Datum inwerkingtreding | Terugwerkende kracht tot en met | Datum uitwerkingtreding | Betreft | Datum ondertekening Bron bekendmaking | Kenmerk voorstel |
---|---|---|---|---|---|
01-05-2013 | 20-02-2015 | nieuwe regeling | 12-03-2013 Ede Stad 1-5-2013 | 738578 |
Vanaf januari 2013 moet de gemeente een boete opleggen als de inlichtingenplicht in het kader van de WWB, Ioaw of Ioaz is geschonden. De hoogte van de boete is bepaald in de betreffende wet en in het Boetebesluit socialezekerheidswetten.
Uitgangspunt is dat de boete gelijk is aan het benadelingsbedrag (in de WWB gaat het dan om een netto bedrag, in de Ioaw en Ioaz om een brutobedrag). Bij een tweede overtreding met een benadelingsbedrag binnen 5 jaar is de boete 150% van het benadelingsbedrag.

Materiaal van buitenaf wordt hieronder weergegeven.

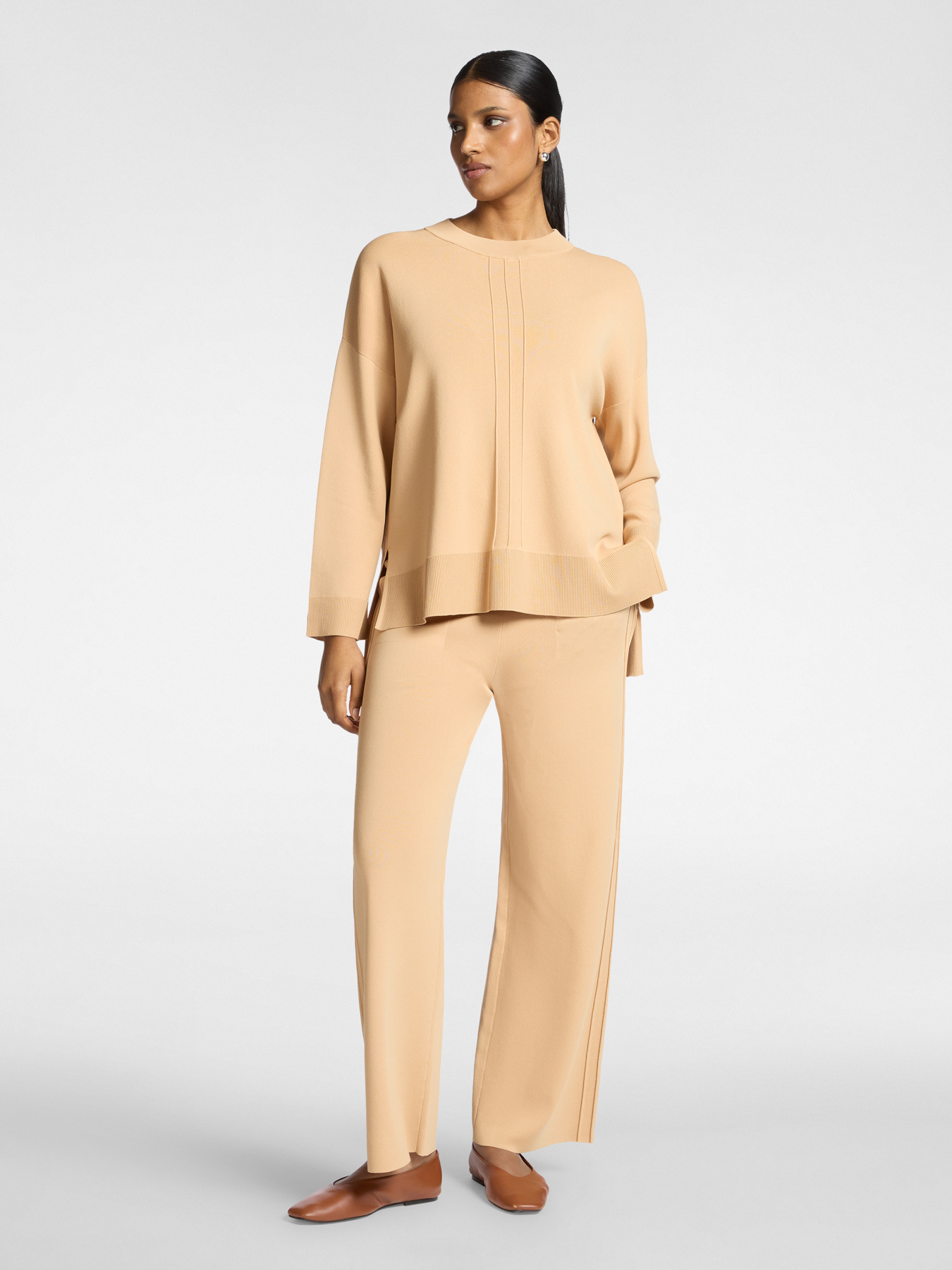 Crew neck sweater image number 2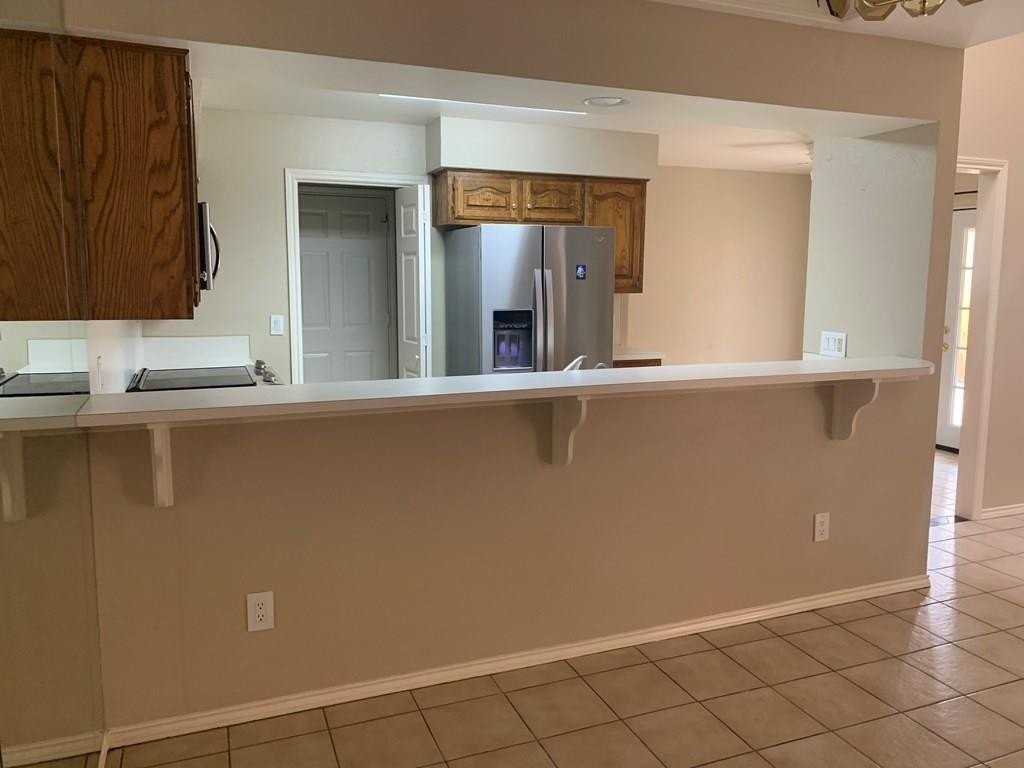 1711 Castleford Rd - Photo 5 of 10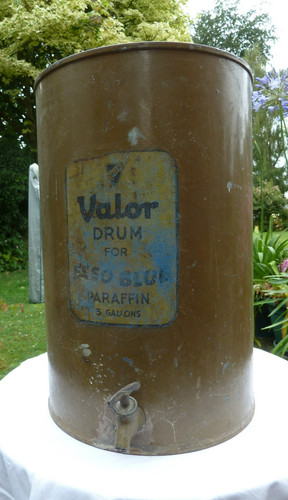 Vintage valor for - valor, esso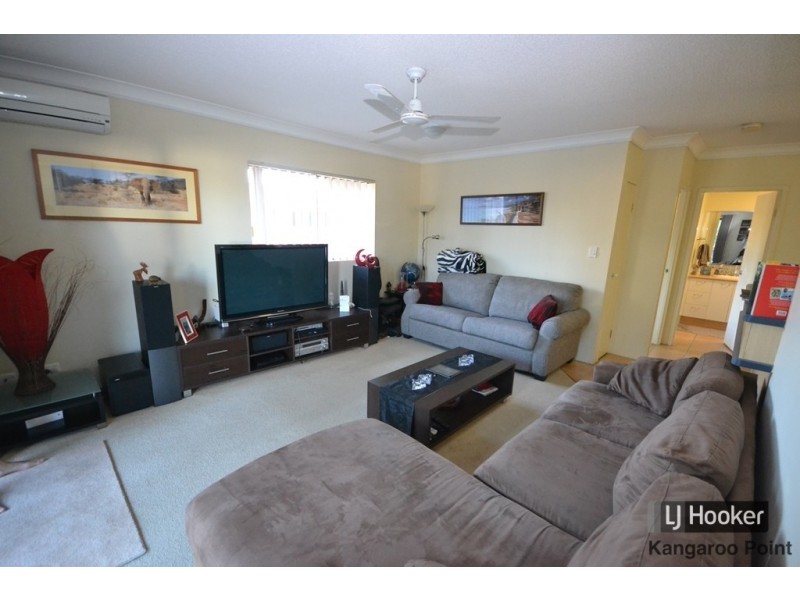 2/29 Bell Street, Kangaroo Point QLD 4169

Indien er wel sprake is van het schenden van de inlichtingenplicht, maar niet van een benadelingsbedrag (nulfraude), bedraagt de boete € 150,00. In een dergelijk geval kan er soms ook worden volstaan met een waarschuwing. Gelet op het uitgangspunt van de wet is de boete het uitgangspunt, en de waarschuwing de uitzondering.
In het Boetebesluit socialezekerheidswetten is bepaald dat bij verminderde verwijtbaarheid de boete wordt verlaagd. Daarbij zijn een aantal situaties genoemd die leiden tot verminderde verwijtbaarheid, maar dit is geen uitputtende opsomming. Er kunnen dus andere, niet genoemde omstandigheden zijn die tot verminderde verwijtbaarheid leiden. Het gaat dan uitdrukkelijk om omstandigheden waarin belanghebbende verkeerde op het moment dat hij de inlichtingenplicht had moeten nakomen. In het Boetebesluit socialezekerheidswetten is niet geregeld, welke invloed de verminderde verwijtbaarheid concreet heeft op de hoogte van de boete. Dat kan in een beleidsregel worden vastgelegd. Het wordt echter niet zinvol geacht om te proberen alle situaties te omschrijven die tot verminderde verwijtbaarheid leiden.
Uiteraard wordt bij het volledig ontbreken van verwijtbaarheid géén boete opgelegd.
Er kan op grond van dringende redenen worden afgezien van het opleggen van een boete. Het gaat dan om individuele, zeer bijzondere omstandigheden. Het wordt niet zinvol geacht om te proberen deze situaties te omschrijven.
Omstandigheden die een verminderde verwijtbaarheid opleveren, of die een dringende reden vormen, kunnen op voorhand bij de gemeente bekend zijn, maar dat zal uiteraard niet altijd zo zijn. Vandaar dat het van belang is dat de belanghebbende bij de voorbereiding van het boetebesluit de gelegenheid krijgt dergelijke omstandigheden te benoemen en aan te tonen. Het ontbreken van financiële middelen levert op zich geen verminderde verwijtbaarheid op, noch een dringende reden.